Australian divorce orders become final one month and one day after the Court hears and grants the divorce.
But what if a person obtains a divorce in another country? In what circumstances will that divorce be recognised by Australian law so that those parties, or one of them, could remarry in Australia?
The first step in determining whether a foreign divorce will be recognised as valid in Australia is whether that foreign divorce was effected according to the law of that foreign country. If not, then the foreign divorce cannot be treated as valid in Australia.

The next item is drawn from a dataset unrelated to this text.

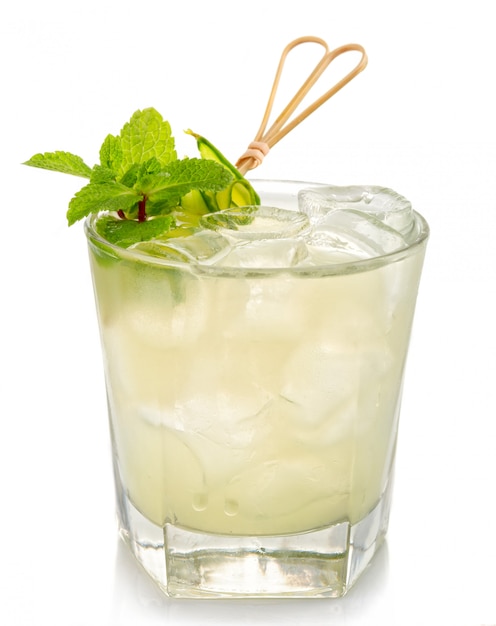 Mojito álcool cocktail com hortelã fresca isolado no branco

Then the Court must look at whether the applicant for the foreign divorce, the respondent or both of the parties were domiciled or ordinarily resident in or nationals of that foreign country at the time the foreign divorce proceedings were commenced. The Australian Court is likely to recognise that the foreign divorce, if it is valid in the relevant overseas country and if the respondent to the divorce application was a national of or domiciled or ordinarily resident in that foreign country at the time the divorce application was started.
If those factors do not apply to the respondent, the foreign divorce could be recognised in Australia if the applicant for the foreign divorce was domiciled in the overseas country at the time he or she files for divorce, or if he or she was ordinarily resident in that country at the time of starting the divorce proceedings and had been ordinarily resident there for the previous 12 months, or was at that time a national of that country. In some circumstances it would also be relevant that the parties last lived together in that foreign country.
Finally, in order for a foreign divorce to be recognised as valid in Australia, the Australian Court must be satisfied that both parties were afforded natural justice. That is, were each of them made aware of the application and given an appropriate opportunity to respond to it and, if appropriate in that foreign country, to appear and be heard at the hearing of the divorce application?
What about the laws of a third country?
When an Australian Court recognises a foreign divorce as valid in Australia, either of the parties to that former marriage may then remarry in Australia (so long as they are not still married to someone else at that time). That is the case even if the foreign divorce would not be legal or recognised as valid in some third country.
Australian law does not permit polygamous marriage. Therefore, someone who has been previously married (whether in Australia or elsewhere) must first obtain a divorce (or divorces if there was more than one earlier marriage) before he or she can remarry in Australia.
Australian law will recognise foreign divorces as valid in certain circumstances, taking into account factors such as whether the foreign divorce was obtained in accordance with the laws of that overseas country, of which country the parties were each citizens at the time the divorce proceedings were started and in which country the parties were each living at that time.